◆ Record excerpts
▶

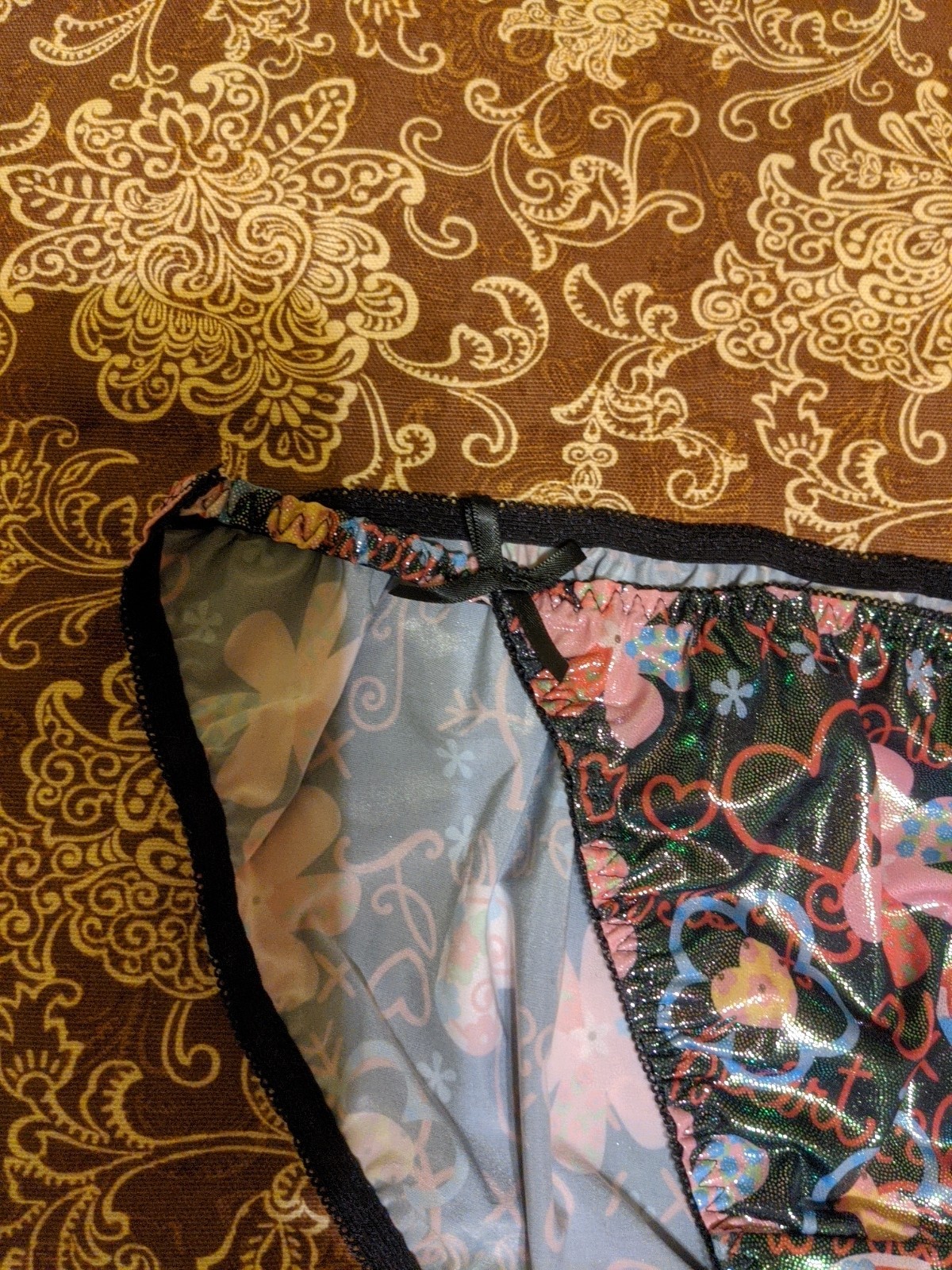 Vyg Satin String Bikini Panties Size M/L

◀
▶

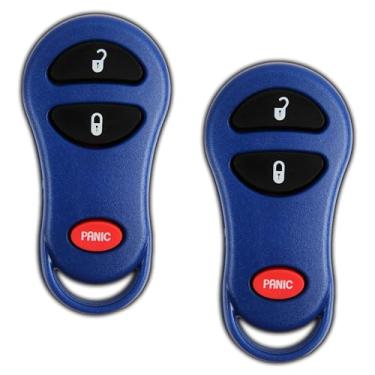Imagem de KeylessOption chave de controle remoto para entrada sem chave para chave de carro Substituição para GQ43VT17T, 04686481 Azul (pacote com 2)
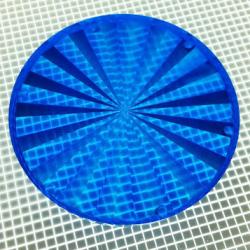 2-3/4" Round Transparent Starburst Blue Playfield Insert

◀
▶

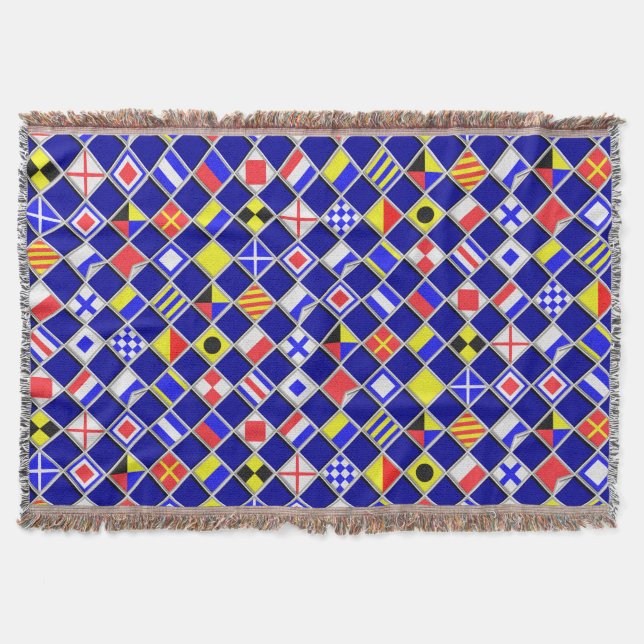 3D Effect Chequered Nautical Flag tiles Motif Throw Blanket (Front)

◀

◆ What the task asks
Between and including the line with "Imagem de KeylessOption" and the line with "Blue Playfield Insert", repeat every line exactly as it appears above, with pictures left out.

◆ Reply to the exercise
Imagem de KeylessOption chave de controle remoto para entrada sem chave para chave de carro Substituição para GQ43VT17T, 04686481 Azul (pacote com 2)
 2-3/4" Round Transparent Starburst Blue Playfield Insert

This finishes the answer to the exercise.